India's strong research ecosystem has also contributed significantly. Academic institutions, research organizations, and biotechnology companies are actively undertaking large-scale genomic studies, generating valuable insights into the genetic diversity of the Indian population. These efforts are creating datasets that are crucial for developing population-specific diagnostics and therapeutic strategies.

Government initiatives have played an important role as well. Programs focused on biotechnology innovation, genomic surveillance, healthcare modernization, and research funding have strengthened infrastructure and encouraged collaboration between academia, industry, and healthcare institutions. Such initiatives are helping build a sustainable genomics ecosystem within the country.

The growth of bioinformatics and data analytics has further accelerated the field. Modern genomics generates vast amounts of data, and advances in computational biology, artificial intelligence, and cloud computing have made it possible to analyze and interpret this information efficiently. The integration of biology with data science is creating new opportunities across research and diagnostics.

Additionally, the COVID-19 pandemic highlighted the importance of genomics in public health. Genomic surveillance played a critical role in tracking viral variants and understanding disease transmission patterns, increasing awareness among policymakers, healthcare professionals, and the public about the value of genomic technologies.
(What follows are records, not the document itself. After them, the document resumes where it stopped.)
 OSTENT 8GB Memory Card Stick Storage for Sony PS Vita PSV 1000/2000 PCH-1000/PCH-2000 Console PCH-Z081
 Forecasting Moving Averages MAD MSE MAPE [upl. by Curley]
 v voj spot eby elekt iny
Finally, the emergence of innovative Indian biotechnology companies and startups has strengthened the ecosystem by providing end-to-end genomic solutions, from sample processing and sequencing to bioinformatics analysis and interpretation. This has reduced dependency on international services and made genomic technologies more accessible to researchers and clinicians across the country.
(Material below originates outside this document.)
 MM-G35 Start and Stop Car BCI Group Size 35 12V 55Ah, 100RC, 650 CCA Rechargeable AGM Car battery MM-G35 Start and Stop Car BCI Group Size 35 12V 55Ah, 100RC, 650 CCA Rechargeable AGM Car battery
Together, these factors are positioning India as a rapidly growing hub for genomics research, healthcare innovation, and advanced molecular diagnostics, with significant potential to impact both national and global healthcare outcomes.
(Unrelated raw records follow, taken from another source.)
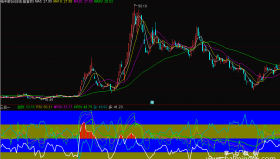 【通达信源码分享】RSI，WR，DMI三合一副图公式 说明 源码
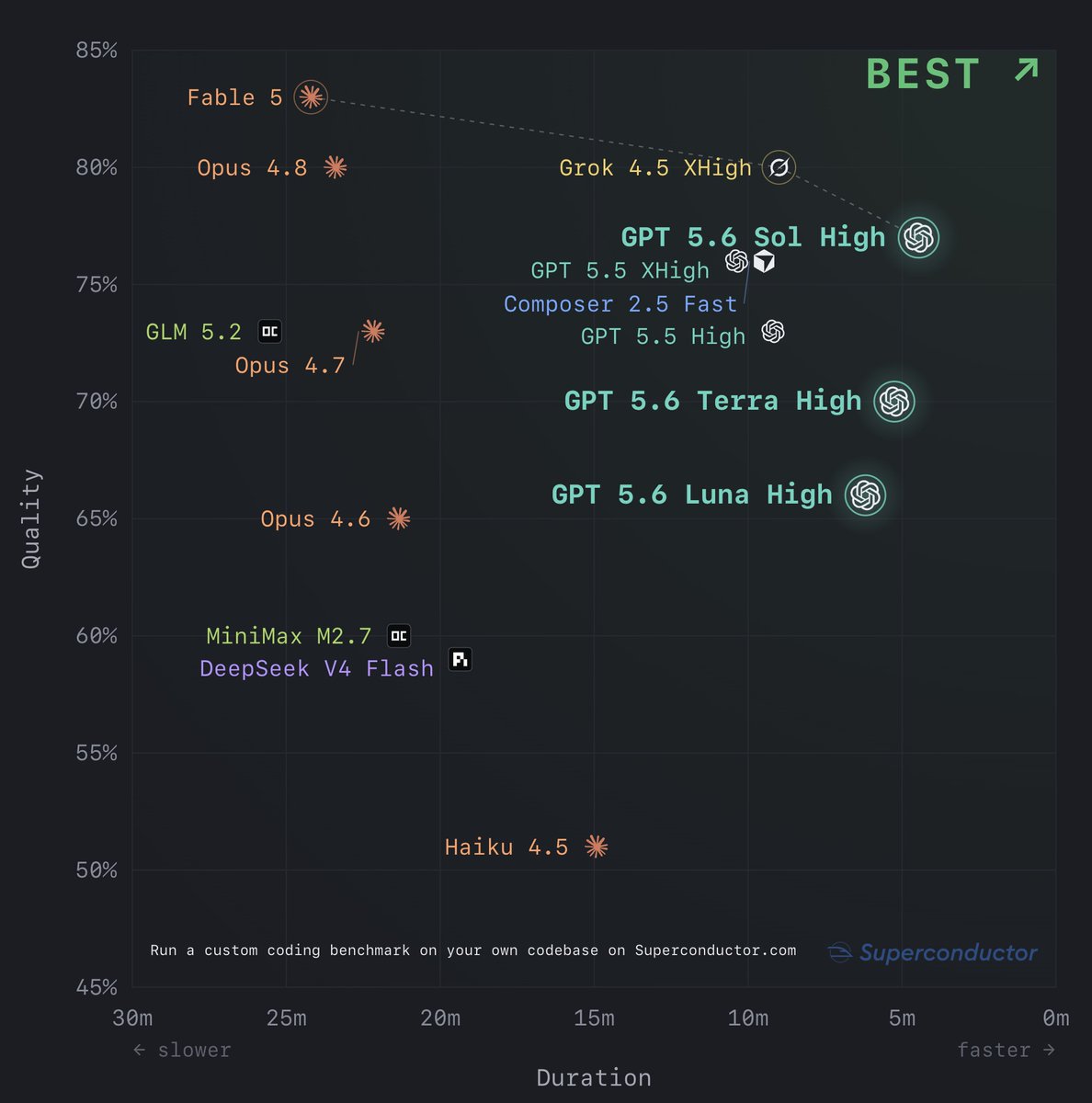 GPT‑5.6 lost our coding benchmark. I switched to it anyway. On the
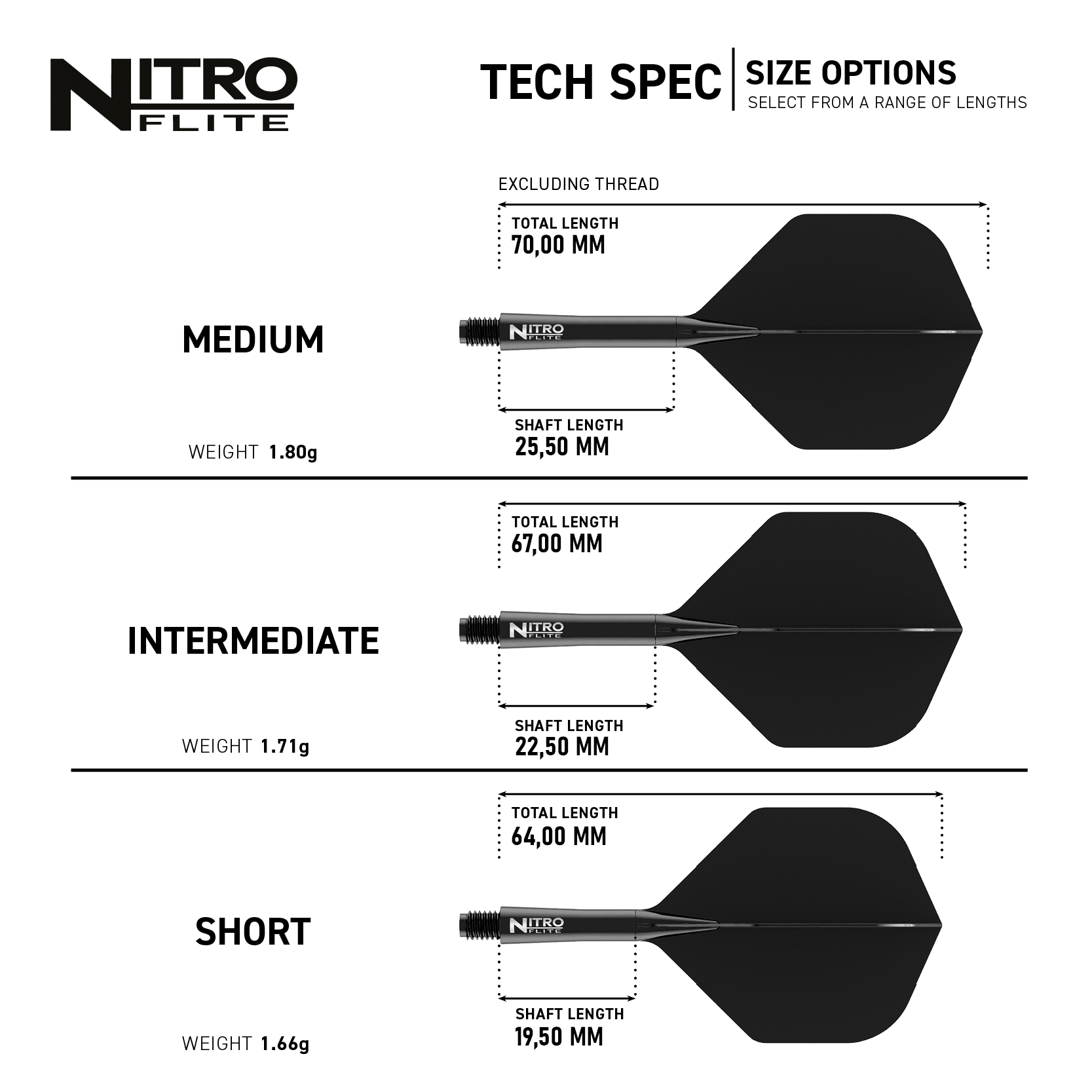 Das Bild zeigt die verschiedenen Größenoptionen des Produkts "Red Dragon Nitroflite - Black Shaft Black No2 Flights" mit technischen Spezifikationen. Es werden die Längen und Gewichte der Ausführungen Medium, Intermediate und Short dargestellt.
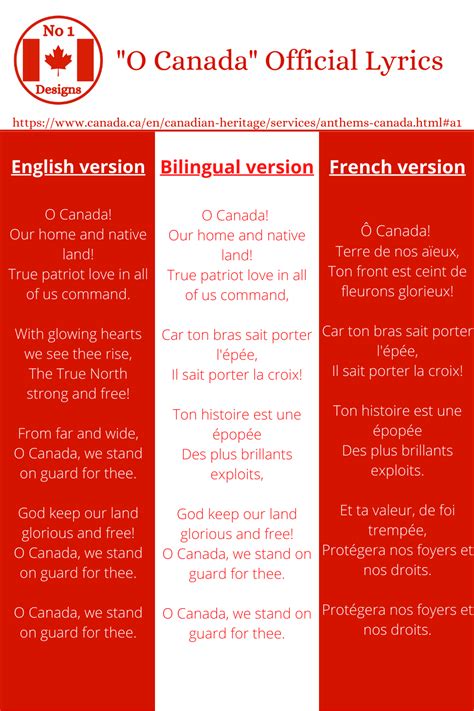 Canada being a bilingual country, the national anthem has three official versions: One in ...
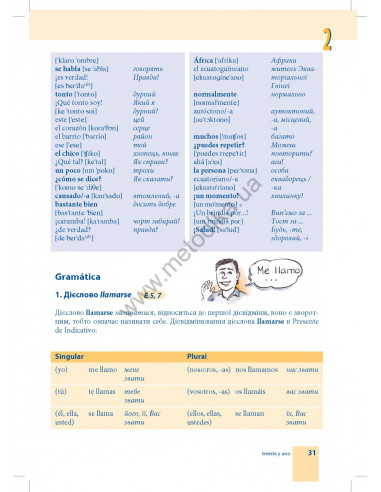 Самовчитель іспанської мови - книга з аудіосупроводом - фото 31 Самовчитель іспанської мови - книга з аудіосупроводом - фото 31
Despite progress, accessibility and affordability remain concerns in genomics. What are the key challenges the industry must address to make these technologies more widely available?

While the genomics industry has made significant progress over the past decade, accessibility and affordability remain important challenges, particularly in a country as diverse and populous as India. To truly unlock the potential of genomics, the industry must address several critical barriers.

First, the cost of genomic testing and analysis, although significantly reduced compared to the past, can still be prohibitive for many patients, researchers, and smaller healthcare institutions. Beyond sequencing itself, expenses related to sample logistics, data analysis, interpretation, and infrastructure often add to the overall cost. Continued technological innovation, automation, and economies of scale will be essential to further reduce these costs.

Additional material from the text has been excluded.